Will stared at the water-filled cabin, wondering two things. What happened... ...What now?
The plane had been sinking. Everyone had thought this was it, they were done for. Then the water had stopped rising and no one had known what to think. Then out of nowhere--BAM--the plane had slammed into something. It was loud. Violent. Everyone thought, This is the end.
But as the seconds ticked on, they realized the plane was still sealed and the air pocket was still intact. Somehow, they were still alive.
When Flight 1421 crashes into the Pacific Ocean six minutes after takeoff, Will Kent and his eleven-year-old daughter, Shannon, end up trapped in the sinking plane two hundred feet below the surface with ten other passengers. Their hope of rescue lies with the Coast Guard, the Navy, and with Will's ex-wife, Chris, a professional diver and deep sea welder.

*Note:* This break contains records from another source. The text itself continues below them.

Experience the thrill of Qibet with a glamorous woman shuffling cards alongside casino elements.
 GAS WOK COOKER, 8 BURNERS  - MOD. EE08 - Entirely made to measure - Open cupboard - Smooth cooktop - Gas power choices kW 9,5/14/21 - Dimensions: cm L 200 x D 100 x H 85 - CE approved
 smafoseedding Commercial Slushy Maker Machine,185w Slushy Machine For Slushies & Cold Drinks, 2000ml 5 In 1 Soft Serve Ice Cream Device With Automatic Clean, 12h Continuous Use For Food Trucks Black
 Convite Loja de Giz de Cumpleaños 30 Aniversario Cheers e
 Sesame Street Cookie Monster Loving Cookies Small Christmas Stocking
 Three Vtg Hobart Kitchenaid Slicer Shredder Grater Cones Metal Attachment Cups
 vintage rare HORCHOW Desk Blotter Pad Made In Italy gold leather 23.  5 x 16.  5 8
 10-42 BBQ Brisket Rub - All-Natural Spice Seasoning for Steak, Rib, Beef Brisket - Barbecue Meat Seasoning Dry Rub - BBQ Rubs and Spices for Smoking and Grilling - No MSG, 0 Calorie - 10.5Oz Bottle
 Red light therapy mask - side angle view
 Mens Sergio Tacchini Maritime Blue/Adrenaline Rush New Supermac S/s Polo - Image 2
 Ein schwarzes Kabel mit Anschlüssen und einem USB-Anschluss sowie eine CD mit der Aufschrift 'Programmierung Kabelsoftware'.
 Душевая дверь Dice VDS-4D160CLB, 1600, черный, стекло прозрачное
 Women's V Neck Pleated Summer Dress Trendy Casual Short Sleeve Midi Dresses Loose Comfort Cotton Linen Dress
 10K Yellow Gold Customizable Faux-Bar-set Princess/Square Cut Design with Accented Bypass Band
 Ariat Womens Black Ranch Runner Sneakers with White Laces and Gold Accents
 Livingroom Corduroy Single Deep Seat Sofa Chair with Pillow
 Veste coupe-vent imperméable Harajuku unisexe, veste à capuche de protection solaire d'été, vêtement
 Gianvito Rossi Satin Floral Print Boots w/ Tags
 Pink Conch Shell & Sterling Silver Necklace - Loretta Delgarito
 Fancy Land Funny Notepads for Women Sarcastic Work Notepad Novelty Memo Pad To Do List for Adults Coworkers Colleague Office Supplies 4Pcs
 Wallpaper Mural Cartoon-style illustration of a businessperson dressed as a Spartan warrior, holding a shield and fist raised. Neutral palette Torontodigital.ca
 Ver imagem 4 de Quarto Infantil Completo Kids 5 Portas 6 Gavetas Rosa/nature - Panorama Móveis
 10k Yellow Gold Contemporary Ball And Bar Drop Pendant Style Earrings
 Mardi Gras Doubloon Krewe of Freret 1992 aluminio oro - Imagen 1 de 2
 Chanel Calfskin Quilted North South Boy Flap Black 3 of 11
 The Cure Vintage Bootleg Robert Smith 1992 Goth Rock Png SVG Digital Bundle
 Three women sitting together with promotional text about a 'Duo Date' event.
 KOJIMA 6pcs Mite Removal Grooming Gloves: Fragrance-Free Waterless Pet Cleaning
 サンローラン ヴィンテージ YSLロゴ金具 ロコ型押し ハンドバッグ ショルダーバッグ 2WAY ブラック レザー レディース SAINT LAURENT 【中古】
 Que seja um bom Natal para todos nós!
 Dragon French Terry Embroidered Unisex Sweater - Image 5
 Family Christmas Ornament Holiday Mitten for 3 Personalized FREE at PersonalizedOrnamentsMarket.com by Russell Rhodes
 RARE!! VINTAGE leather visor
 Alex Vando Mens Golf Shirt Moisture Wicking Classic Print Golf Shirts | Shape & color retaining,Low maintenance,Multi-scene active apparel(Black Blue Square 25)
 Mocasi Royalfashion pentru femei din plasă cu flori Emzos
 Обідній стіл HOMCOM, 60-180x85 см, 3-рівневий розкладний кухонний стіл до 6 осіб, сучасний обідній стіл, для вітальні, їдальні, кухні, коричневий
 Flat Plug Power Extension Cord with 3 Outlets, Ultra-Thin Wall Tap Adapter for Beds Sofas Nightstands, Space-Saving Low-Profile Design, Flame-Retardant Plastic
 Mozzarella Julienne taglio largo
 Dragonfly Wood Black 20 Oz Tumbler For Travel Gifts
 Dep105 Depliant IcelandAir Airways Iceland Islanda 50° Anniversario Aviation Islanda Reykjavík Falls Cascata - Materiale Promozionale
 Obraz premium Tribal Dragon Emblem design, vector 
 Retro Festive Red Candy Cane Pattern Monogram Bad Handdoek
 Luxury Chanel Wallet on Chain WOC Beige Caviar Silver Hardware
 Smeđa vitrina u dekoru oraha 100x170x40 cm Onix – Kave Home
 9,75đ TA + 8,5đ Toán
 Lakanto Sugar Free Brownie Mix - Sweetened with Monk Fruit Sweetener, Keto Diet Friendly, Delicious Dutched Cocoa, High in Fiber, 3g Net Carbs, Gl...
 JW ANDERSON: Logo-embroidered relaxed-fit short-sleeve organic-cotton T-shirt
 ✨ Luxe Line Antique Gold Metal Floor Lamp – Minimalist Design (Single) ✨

What an adrenalin rush! This was one propulsive page-turning thriller. The premise of being trapped in a submerged airplane is a scary one. And Newman's past experience as a flight attendant shines through, giving this book a level of authenticity that makes it even more suspenseful. I liked almost all of the characters, from the older couple celebrating their sixtieth anniversary, to the woman who wears her life preserver all the time because she doesn't know how to swim. But I especially loved the relationship between Will and his young daughter, and his wife's fierce determination to save them both. I also appreciated getting to see this disaster from both the passengers' and the rescuer's POVs. Drowning was the last book I read in August, and a perfect way to end my summer reading.